The final volume expansion ratio of the polymer grouting increases with increased concentration of isocyanate and the physical and chemical foaming agent within the experimental range. Notably, the mass fraction of the physical foaming agent and the concentration of the chemical foaming agent significantly affect the final expansion ratio. The sensitivity of the expansion ratio to the component proportion was evaluated by analyzing the rate of change in final volume expansion multiple. The sensitivity coefficients for physical and chemical blowing agents were 97.47 and 80.04, respectively, indicating a significant impact. In contrast, the effect of isocyanate was relatively modest, with a sensitivity coefficient of 9.76, while the polyol concentration had minimal impact, with a sensitivity coefficient of 2.53.

(2)

The expansion rate of the grout progressively increases with a higher concentration of isocyanate and chemical foaming agent. However, the incremental rise in the final volume expansion ratio diminishes with the same concentration increment. Each of these components has an upper limit concentration. In our study, the upper limits of concentration ratio for isocyanate, polyol, and chemical the blowing agent are 1:0.112:0.231, respectively. Beyond this threshold, there are minimal changes in the final volume expansion ratio.

(3)

The volume increase in the grout is directly proportional to the mass fraction increase in the physical foaming agent. The solubility of this agent at a given ambient temperature sets its maximum addition amount and, consequently, its maximal contribution to the volume expansion ratio of the grout. When the mass fraction of the physical foaming agent is 0.09453, the solubility reaches its maximum.

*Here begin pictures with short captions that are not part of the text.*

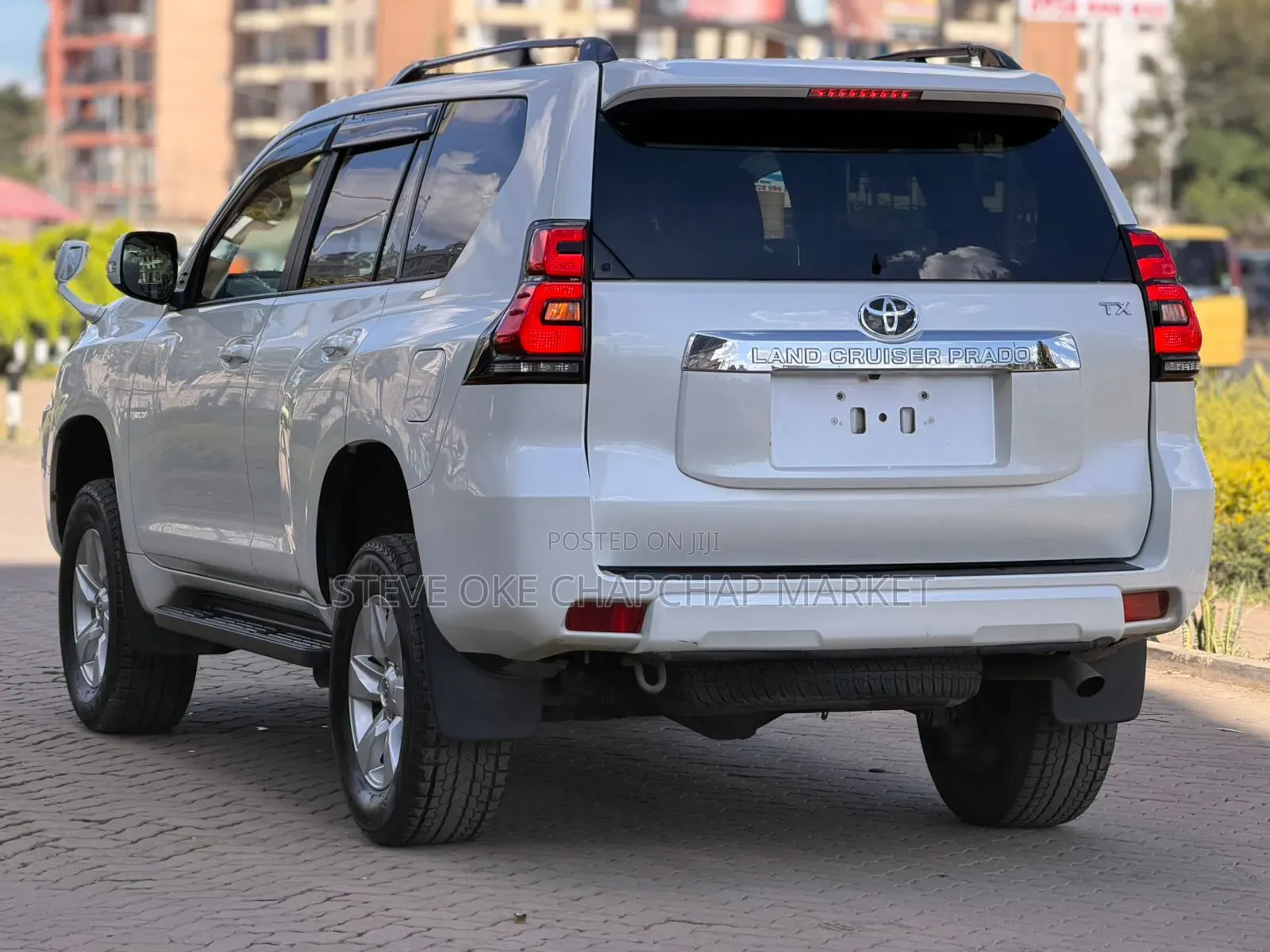 Toyota Land Cruiser Prado 2020 Off white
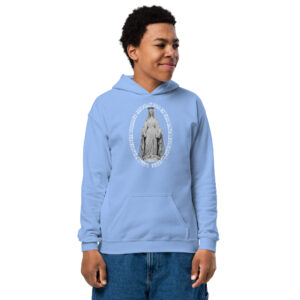 miraculous medal children's hoodie
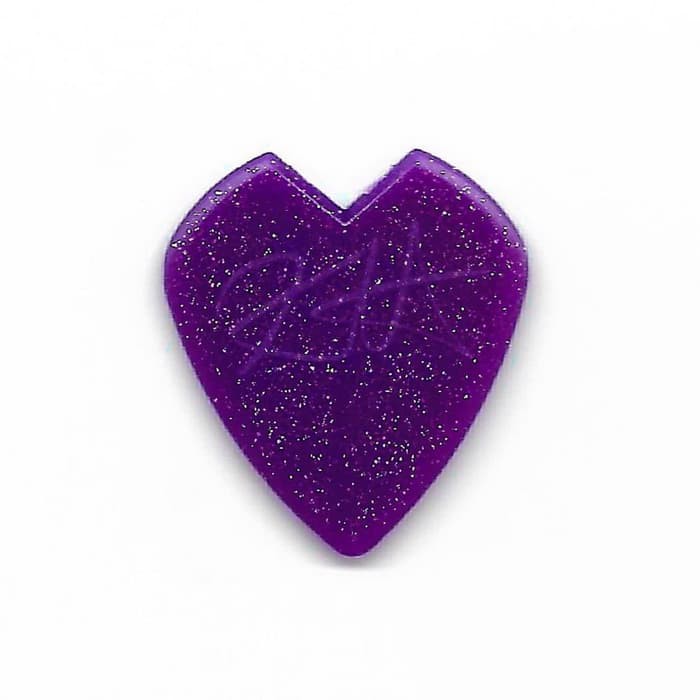 Dunlop Kirk Hammett Purple Sparkle Jazz III 1.38 mm Pick Gitar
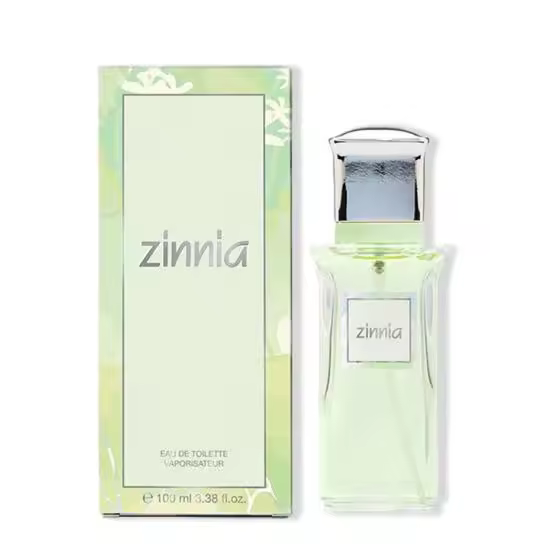 ZINNIA - Original, Colonia Mujer, 100 ml, Perfume Formato Spray, Eau de Toilette Femenina, Aroma Cítrico y Floral, Fragancia Fresca, Elegante y de Larga Duración - 1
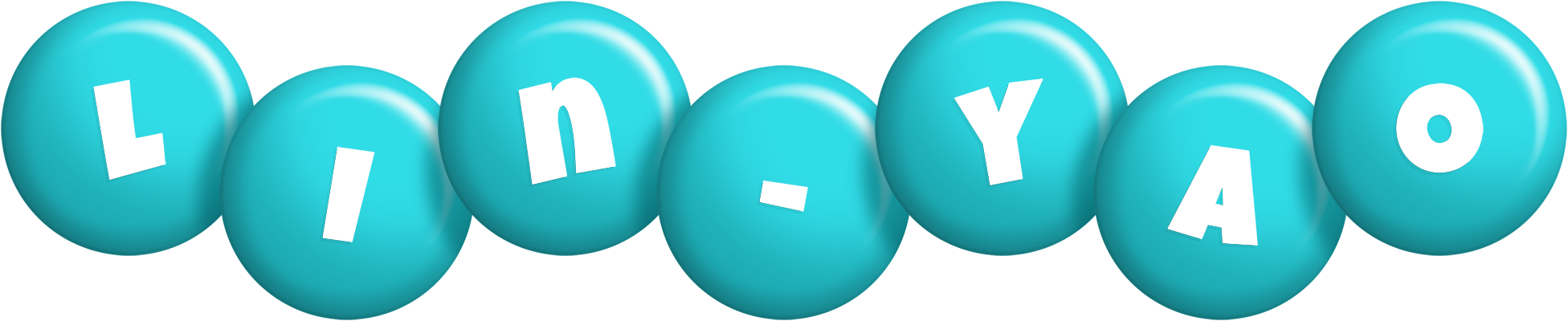 Lin-Yao candy-azur logo
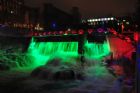 Barrage Ab�naquis en lumi�re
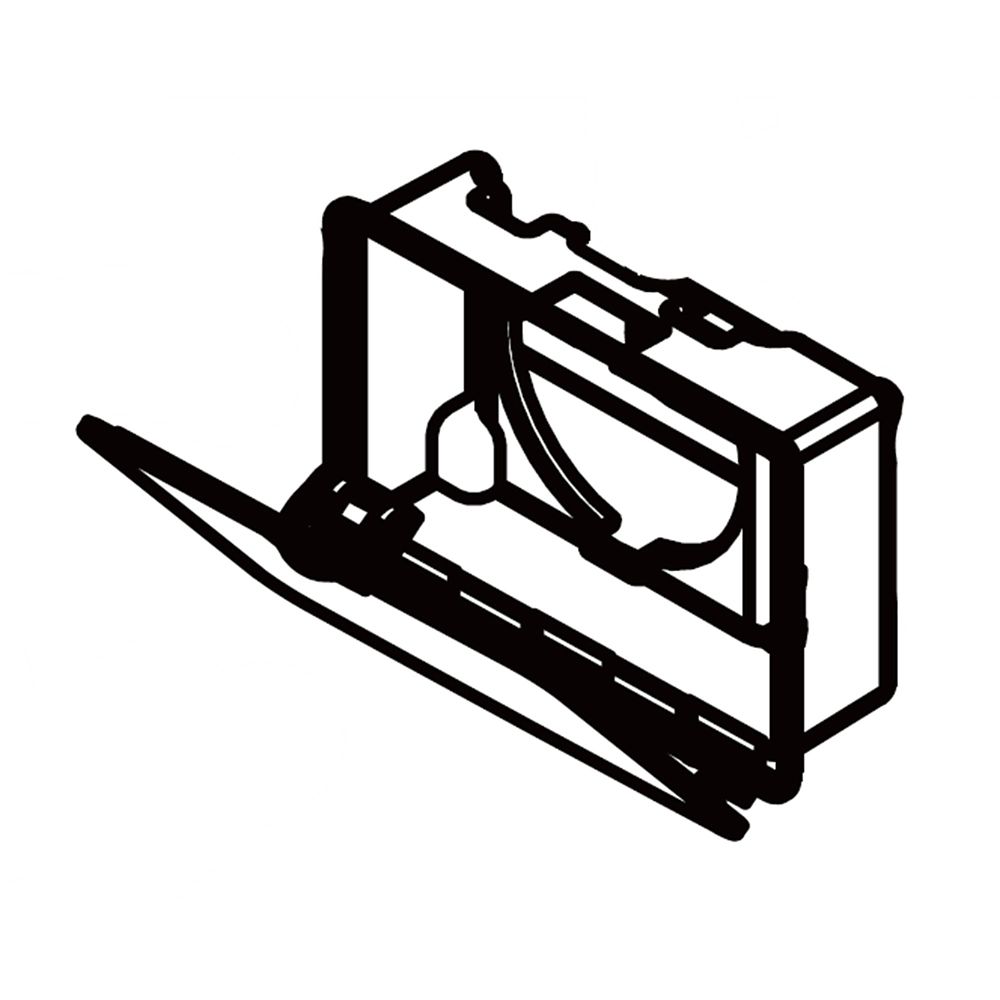 LG Washer Cover Cap - MBL65547907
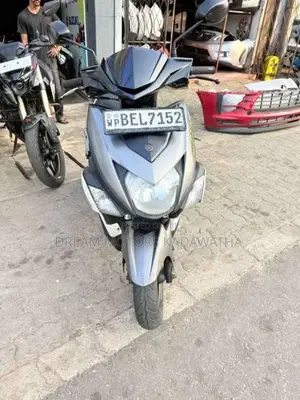 Yamaha Ray ZR 2017 Motorbike (Used)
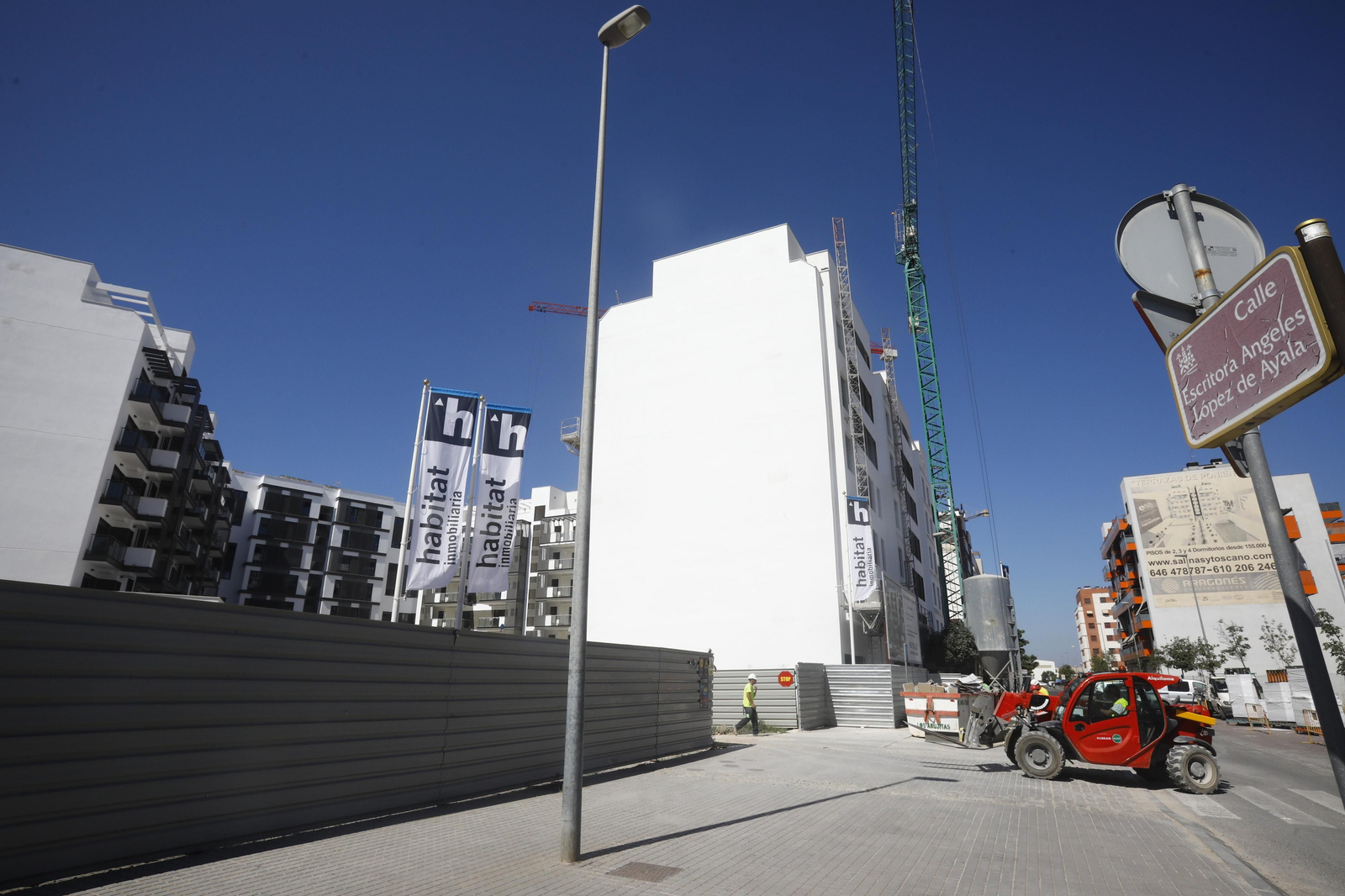 Un paseo en fotografías por los barrios Nuevo Zoco y Huerta Santa Isabel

This research provides a preliminary insight into the influence of the composition ratio on the expansion characteristics of the grouting. This was preliminarily studied for self-made polyurethane polymer grouting materials. Future studies will delve into the influence of environmental pressure, temperature, and multi-factor coupling on the expansion process of polyurethane materials, aiming to guide the customization of polyurethane grout with specific expansion performance in geotechnical engineering.